Exercise goal:
Working from the listing below, pick each line containing the word "Kurta" and copy it.

Records to use:

# # # # # # #

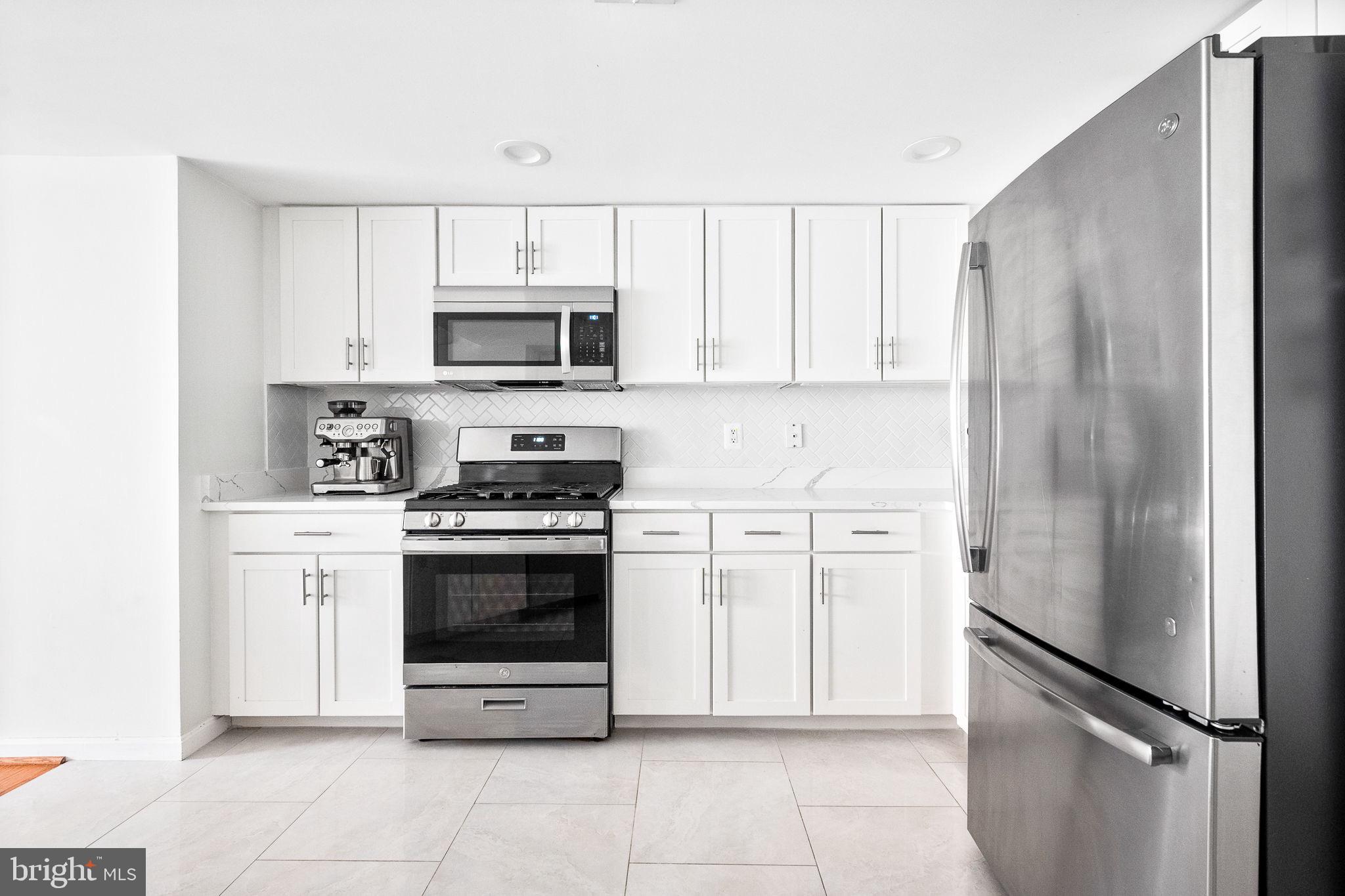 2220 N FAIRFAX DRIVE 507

# # # # # # #

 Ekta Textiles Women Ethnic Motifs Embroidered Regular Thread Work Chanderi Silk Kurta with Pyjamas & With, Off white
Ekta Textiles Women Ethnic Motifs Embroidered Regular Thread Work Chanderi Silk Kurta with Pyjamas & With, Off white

# # # # # # #

Answer to the problem:
 Ekta Textiles Women Ethnic Motifs Embroidered Regular Thread Work Chanderi Silk Kurta with Pyjamas & With, Off white
Ekta Textiles Women Ethnic Motifs Embroidered Regular Thread Work Chanderi Silk Kurta with Pyjamas & With, Off white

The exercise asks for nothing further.